== Working data

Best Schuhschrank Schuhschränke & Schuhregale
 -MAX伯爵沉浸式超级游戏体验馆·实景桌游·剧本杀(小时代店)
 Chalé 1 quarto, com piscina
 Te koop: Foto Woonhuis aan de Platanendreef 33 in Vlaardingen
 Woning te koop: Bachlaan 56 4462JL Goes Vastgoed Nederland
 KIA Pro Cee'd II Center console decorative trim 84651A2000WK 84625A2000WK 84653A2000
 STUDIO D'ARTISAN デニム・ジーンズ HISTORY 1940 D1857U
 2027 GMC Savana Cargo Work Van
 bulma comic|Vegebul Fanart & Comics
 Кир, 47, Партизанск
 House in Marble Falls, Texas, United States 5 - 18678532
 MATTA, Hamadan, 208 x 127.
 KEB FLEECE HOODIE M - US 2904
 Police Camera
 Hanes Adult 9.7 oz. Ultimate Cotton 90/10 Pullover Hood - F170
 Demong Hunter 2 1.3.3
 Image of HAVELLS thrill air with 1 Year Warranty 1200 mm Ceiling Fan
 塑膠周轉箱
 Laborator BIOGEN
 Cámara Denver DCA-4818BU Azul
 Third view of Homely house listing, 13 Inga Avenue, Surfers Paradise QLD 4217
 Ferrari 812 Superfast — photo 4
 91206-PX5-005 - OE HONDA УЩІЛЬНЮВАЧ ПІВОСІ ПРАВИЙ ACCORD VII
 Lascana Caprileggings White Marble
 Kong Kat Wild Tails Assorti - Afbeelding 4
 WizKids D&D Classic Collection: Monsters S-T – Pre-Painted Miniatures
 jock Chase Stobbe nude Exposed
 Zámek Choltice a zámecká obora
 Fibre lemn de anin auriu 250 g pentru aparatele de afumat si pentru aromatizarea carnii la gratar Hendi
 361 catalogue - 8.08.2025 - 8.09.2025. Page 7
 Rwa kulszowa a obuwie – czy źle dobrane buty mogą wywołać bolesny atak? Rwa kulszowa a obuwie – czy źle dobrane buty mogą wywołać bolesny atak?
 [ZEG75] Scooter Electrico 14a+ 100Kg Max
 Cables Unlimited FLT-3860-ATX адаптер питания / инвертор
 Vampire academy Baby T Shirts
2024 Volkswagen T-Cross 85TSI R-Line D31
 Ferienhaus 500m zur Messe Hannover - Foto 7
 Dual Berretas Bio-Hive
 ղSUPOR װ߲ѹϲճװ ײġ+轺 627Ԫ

====

| What you have to do |
All of the data should be retyped exactly.

| Answer below |
Best Schuhschrank Schuhschränke & Schuhregale
 -MAX伯爵沉浸式超级游戏体验馆·实景桌游·剧本杀(小时代店)
 Chalé 1 quarto, com piscina
 Te koop: Foto Woonhuis aan de Platanendreef 33 in Vlaardingen
 Woning te koop: Bachlaan 56 4462JL Goes Vastgoed Nederland
 KIA Pro Cee'd II Center console decorative trim 84651A2000WK 84625A2000WK 84653A2000
 STUDIO D'ARTISAN デニム・ジーンズ HISTORY 1940 D1857U
 2027 GMC Savana Cargo Work Van
 bulma comic|Vegebul Fanart & Comics
 Кир, 47, Партизанск
 House in Marble Falls, Texas, United States 5 - 18678532
 MATTA, Hamadan, 208 x 127.
 KEB FLEECE HOODIE M - US 2904
 Police Camera
 Hanes Adult 9.7 oz. Ultimate Cotton 90/10 Pullover Hood - F170
 Demong Hunter 2 1.3.3
 Image of HAVELLS thrill air with 1 Year Warranty 1200 mm Ceiling Fan
 塑膠周轉箱
 Laborator BIOGEN
 Cámara Denver DCA-4818BU Azul
 Third view of Homely house listing, 13 Inga Avenue, Surfers Paradise QLD 4217
 Ferrari 812 Superfast — photo 4
 91206-PX5-005 - OE HONDA УЩІЛЬНЮВАЧ ПІВОСІ ПРАВИЙ ACCORD VII
 Lascana Caprileggings White Marble
 Kong Kat Wild Tails Assorti - Afbeelding 4
 WizKids D&D Classic Collection: Monsters S-T – Pre-Painted Miniatures
 jock Chase Stobbe nude Exposed
 Zámek Choltice a zámecká obora
 Fibre lemn de anin auriu 250 g pentru aparatele de afumat si pentru aromatizarea carnii la gratar Hendi
 361 catalogue - 8.08.2025 - 8.09.2025. Page 7
 Rwa kulszowa a obuwie – czy źle dobrane buty mogą wywołać bolesny atak? Rwa kulszowa a obuwie – czy źle dobrane buty mogą wywołać bolesny atak?
 [ZEG75] Scooter Electrico 14a+ 100Kg Max
 Cables Unlimited FLT-3860-ATX адаптер питания / инвертор
 Vampire academy Baby T Shirts
2024 Volkswagen T-Cross 85TSI R-Line D31
 Ferienhaus 500m zur Messe Hannover - Foto 7
 Dual Berretas Bio-Hive
 ղSUPOR װ߲ѹϲճװ ײġ+轺 627Ԫ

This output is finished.